The obligatory you-know-what.









The screaming descent to Assateague Island. Wouldn't have been so bad except for the crosswind. And riding a fixie downhill at 30mph one handed while taking the pic. 









On Assateague. 









Lownge reprezent. No flats on the ride, but I must've finished with a hole because the rear was flat this AM. Booyah!









The most dangerous moment of the day: moreons stopping for the ponies. 









Me and my shadow.


----------



## LavenderLightning (Sep 12, 2011)

I love those kind of rides out in the country with friends. That island looks really cool. Is it only one way on/off?


----------



## wooglin (Feb 22, 2002)

LavenderLightning said:


> That island looks really cool. Is it only one way on/off?


Pretty sure yes. Only the one causeway/bridge.


----------



## nate (Jun 20, 2004)

LavenderLightning said:


> I love those kind of rides out in the country with friends. That island looks really cool. Is it only one way on/off?


There are two entrances, one at the north end of the island and one at the south, but they don't connect. You have to exit using the same entrance that got you there. One is in MD and one is in VA since the island straddles the border.

The entrance in VA actually is from another island, Chincoteague, which is in turn only reachable by road over one causeway.


----------



## Milk-Bone (Jul 10, 2011)

wooglin said:


> Nice day for a ride yesterday. Met my oldest friend Friday night, rode yesterday, drove home today. I think this ride gets a bad rap. No incidents either minor or major, no close calls, and no long waits at the sag stops since we only used the one on Assatague. We started at 8 and, while it was crowded, everyone was out to have a good time.

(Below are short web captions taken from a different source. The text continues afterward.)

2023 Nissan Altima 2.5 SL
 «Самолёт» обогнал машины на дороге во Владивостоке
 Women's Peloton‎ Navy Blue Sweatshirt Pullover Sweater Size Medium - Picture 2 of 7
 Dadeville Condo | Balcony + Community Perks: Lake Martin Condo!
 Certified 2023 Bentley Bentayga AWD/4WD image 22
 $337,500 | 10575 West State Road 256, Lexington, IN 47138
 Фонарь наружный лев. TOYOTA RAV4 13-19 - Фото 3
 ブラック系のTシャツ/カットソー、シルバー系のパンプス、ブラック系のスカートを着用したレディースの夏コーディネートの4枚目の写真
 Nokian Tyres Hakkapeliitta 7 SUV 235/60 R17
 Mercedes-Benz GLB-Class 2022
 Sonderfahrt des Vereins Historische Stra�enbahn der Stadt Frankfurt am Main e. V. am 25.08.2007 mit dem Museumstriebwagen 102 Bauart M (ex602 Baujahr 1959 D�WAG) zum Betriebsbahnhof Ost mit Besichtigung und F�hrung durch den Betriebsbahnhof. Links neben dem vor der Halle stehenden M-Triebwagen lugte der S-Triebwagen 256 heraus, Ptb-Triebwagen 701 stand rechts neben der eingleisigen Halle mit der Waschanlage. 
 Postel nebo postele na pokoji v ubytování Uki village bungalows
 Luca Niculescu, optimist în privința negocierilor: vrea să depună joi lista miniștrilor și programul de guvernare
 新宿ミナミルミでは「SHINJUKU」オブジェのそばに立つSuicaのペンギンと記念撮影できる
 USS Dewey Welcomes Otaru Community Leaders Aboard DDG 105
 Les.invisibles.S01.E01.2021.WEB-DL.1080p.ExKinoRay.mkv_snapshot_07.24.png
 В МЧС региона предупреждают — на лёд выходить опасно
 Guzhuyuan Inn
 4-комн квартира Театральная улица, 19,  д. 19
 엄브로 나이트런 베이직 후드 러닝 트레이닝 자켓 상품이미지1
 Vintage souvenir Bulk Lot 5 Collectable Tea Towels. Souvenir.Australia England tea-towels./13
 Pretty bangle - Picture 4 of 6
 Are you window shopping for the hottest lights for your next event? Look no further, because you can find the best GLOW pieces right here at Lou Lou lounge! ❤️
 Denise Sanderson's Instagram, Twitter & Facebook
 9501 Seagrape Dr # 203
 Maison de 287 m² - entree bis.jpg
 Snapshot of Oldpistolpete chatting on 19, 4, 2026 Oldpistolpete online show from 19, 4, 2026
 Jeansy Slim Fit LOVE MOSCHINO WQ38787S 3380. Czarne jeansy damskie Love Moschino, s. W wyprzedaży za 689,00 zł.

Have to agree about it being an incident free ride for the most part, at least for us. We didn't even get a flat. I'm so flat prone that I brought along and extra Continental folding tire. I love drama free rides. No way in hell am I going to call the SAG wagon!!! There were a couple downed cyclists involved in some type of collision. My partner almost got run off the road twice by people not looking. The scenery was so beautiful and the roads were pretty decent. Of course the wind was brutal, but it made me work harder. Good ride!~


----------



## weltyed (Feb 6, 2004)

cooooooool


----------